I put the original pump (recently overhauled) back on, using the directions above, and everything is working. 

I still have the original problem however, which is a lack of top end acceleration and power under load.  It accelerates well in 1st and 2nd up to about 30/40mph.  Trying to pull from 30-50 or accelerate above 60 results in some hesitation, or a slight misfire/backfire type lurch and pop, and little to no increase in speed. 

The engine runs beautifully and revs well on the driveway  and is set to the right mixture according to my colourtune.

While the pump is working, i can never see much more than a fast trickle coming through at that the in-line filter immediately after the pump.  So I'm concerned that not enough fuel getting through might still be the problem.  Recently replaced all fuel lines, cleaned the tank, and replaced with fresh v-power.
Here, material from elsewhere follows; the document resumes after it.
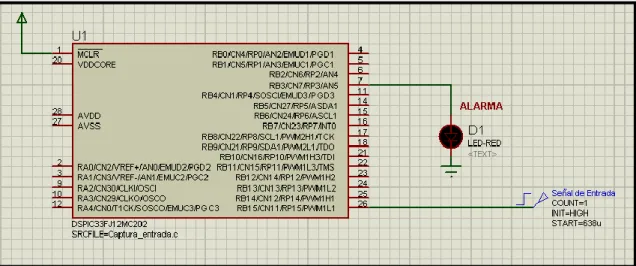 FIG. 5. ESQUEMA MODULO DE CAPTURA.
I'm fairly sure the fuel isn't stale, as I got it at a service station Shell off the A1.  I reckon they sell quite a bit of it. 
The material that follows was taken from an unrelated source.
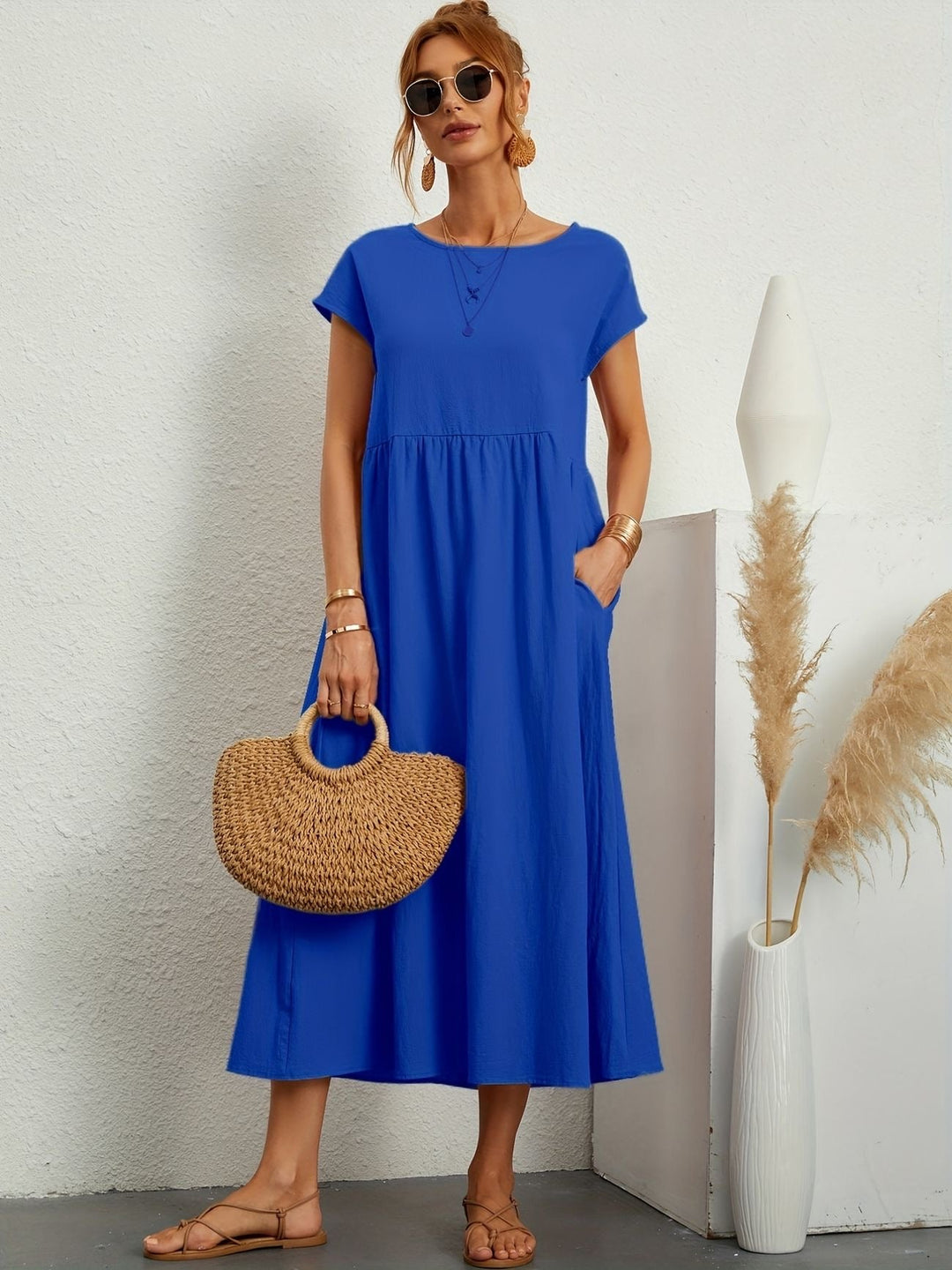 Luayama | Robe de loisirs décolletée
I recently re-replaced the manifold gasket and sealed with blue Hylomar, and sealed the carb/manifold joint with loctite 574. No evidence of any leaks at either when spraying around those areas. 

Recently cleaned and regapped all the plugs (only a month old anyway), have a new Bosch coil, new vacuum advance unit and hose, checked all points, rotor arm, etc.  Refitted my old condenser too, didn't make a noticeable difference.  Can't find any problems on the ignition side.  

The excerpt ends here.